◆ Work order ◆
With the pictures left aside, write out exactly the lines of the listing below from the line with "a white china" to the line with "- une cuisine", both included, and only those.

◆ Study material ◆
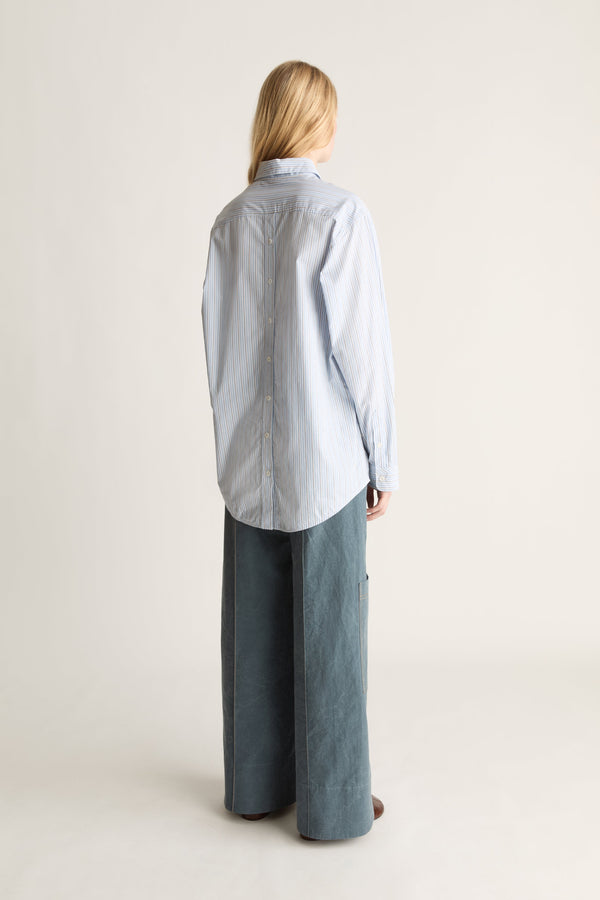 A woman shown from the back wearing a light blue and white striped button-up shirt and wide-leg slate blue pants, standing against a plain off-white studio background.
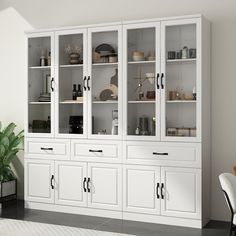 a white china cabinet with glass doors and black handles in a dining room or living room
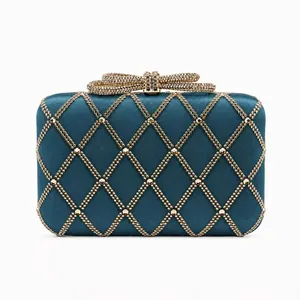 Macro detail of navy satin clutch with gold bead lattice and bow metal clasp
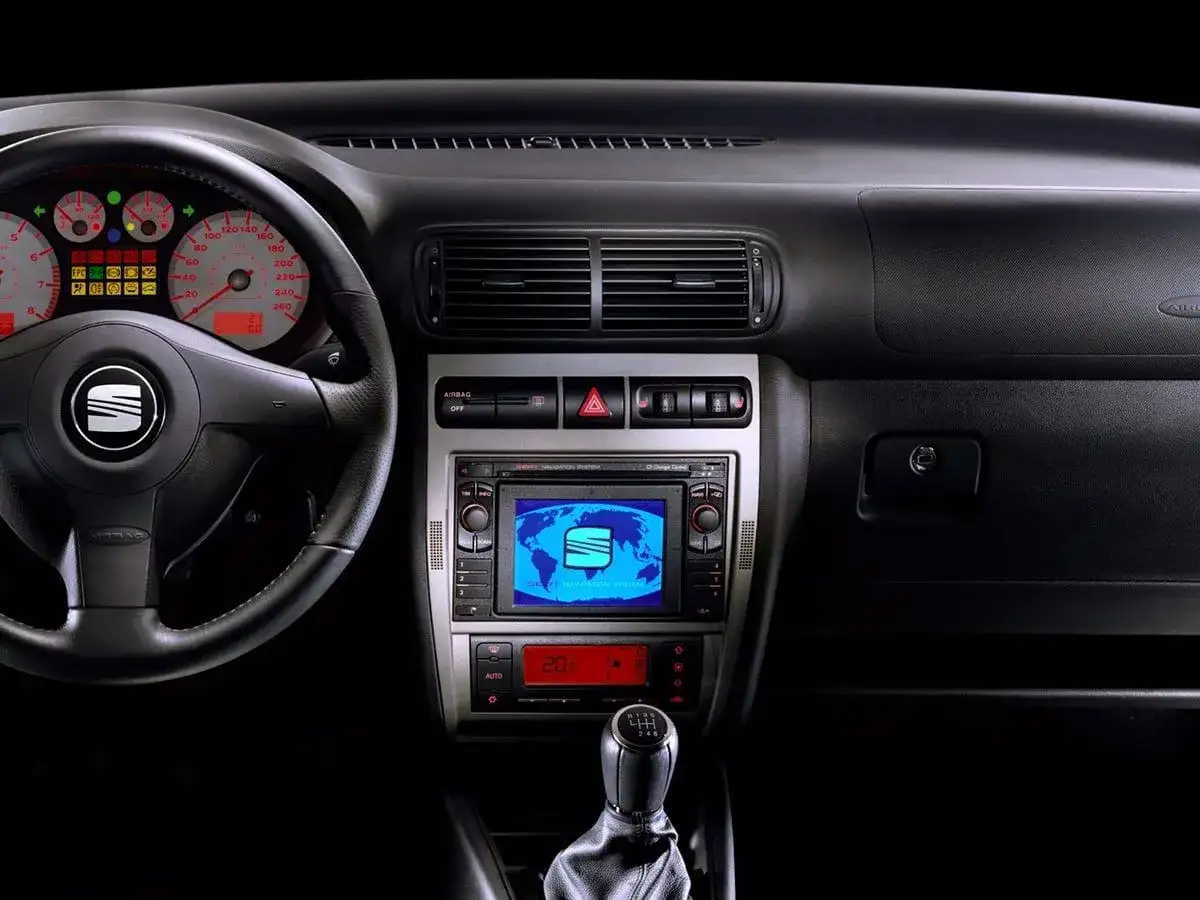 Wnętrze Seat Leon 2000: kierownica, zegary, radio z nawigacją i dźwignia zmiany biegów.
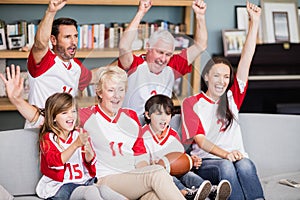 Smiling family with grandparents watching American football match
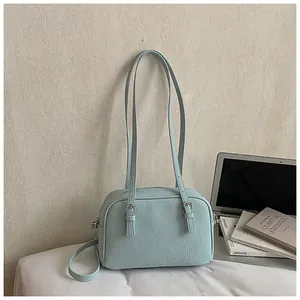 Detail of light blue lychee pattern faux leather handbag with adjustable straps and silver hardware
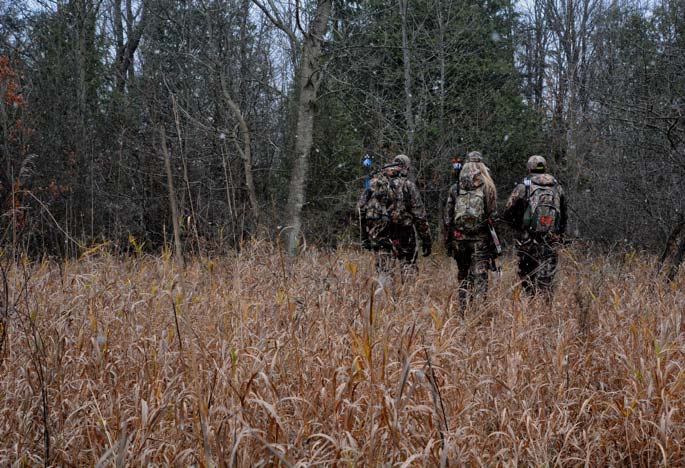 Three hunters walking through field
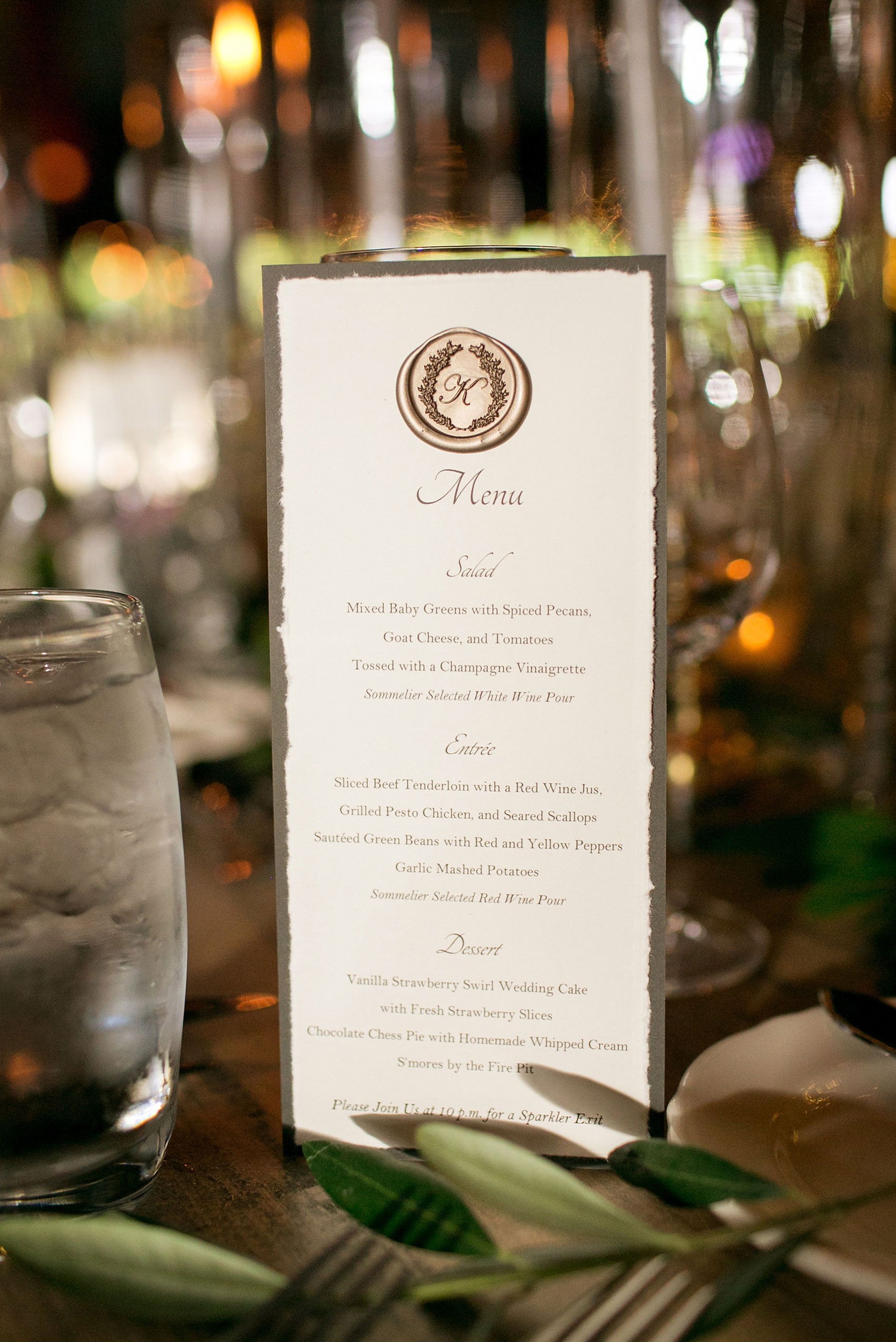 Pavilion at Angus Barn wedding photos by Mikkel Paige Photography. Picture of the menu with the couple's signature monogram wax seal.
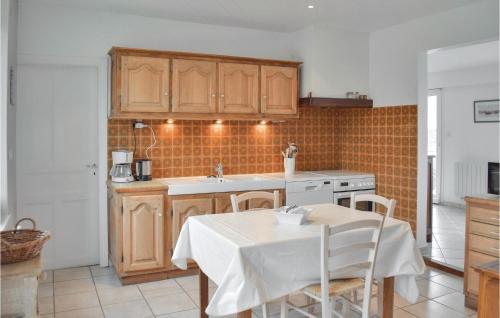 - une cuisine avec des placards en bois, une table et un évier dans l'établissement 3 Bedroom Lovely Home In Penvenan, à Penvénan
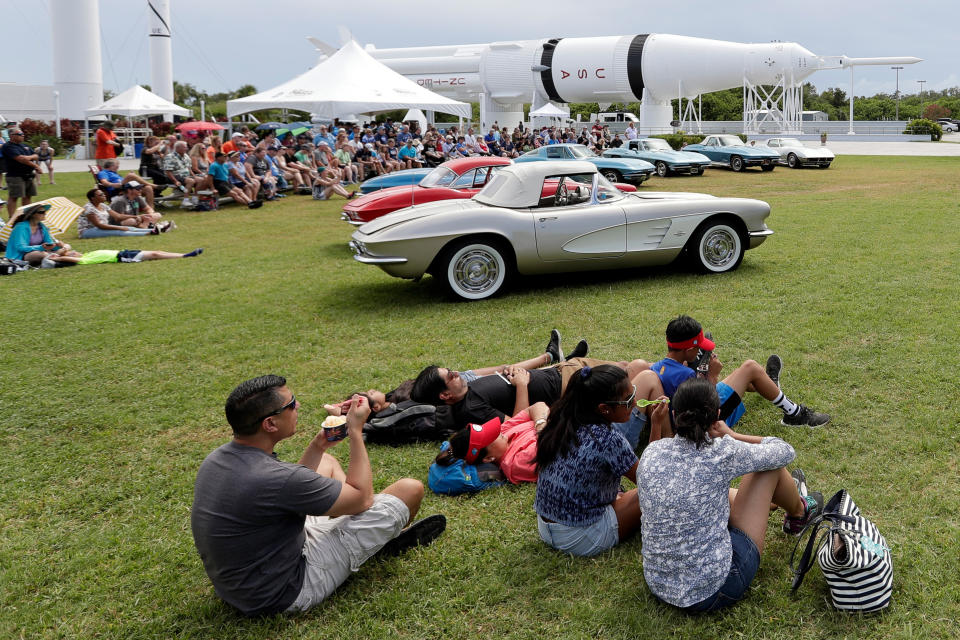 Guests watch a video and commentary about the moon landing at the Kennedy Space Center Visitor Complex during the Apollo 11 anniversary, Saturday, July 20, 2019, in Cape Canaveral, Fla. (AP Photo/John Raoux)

◆ Solution to the exercise ◆
 a white china cabinet with glass doors and black handles in a dining room or living room
 Macro detail of navy satin clutch with gold bead lattice and bow metal clasp
 Wnętrze Seat Leon 2000: kierownica, zegary, radio z nawigacją i dźwignia zmiany biegów.
 Smiling family with grandparents watching American football match
 Detail of light blue lychee pattern faux leather handbag with adjustable straps and silver hardware
 Three hunters walking through field
 Pavilion at Angus Barn wedding photos by Mikkel Paige Photography. Picture of the menu with the couple's signature monogram wax seal.
 - une cuisine avec des placards en bois, une table et un évier dans l'établissement 3 Bedroom Lovely Home In Penvenan, à Penvénan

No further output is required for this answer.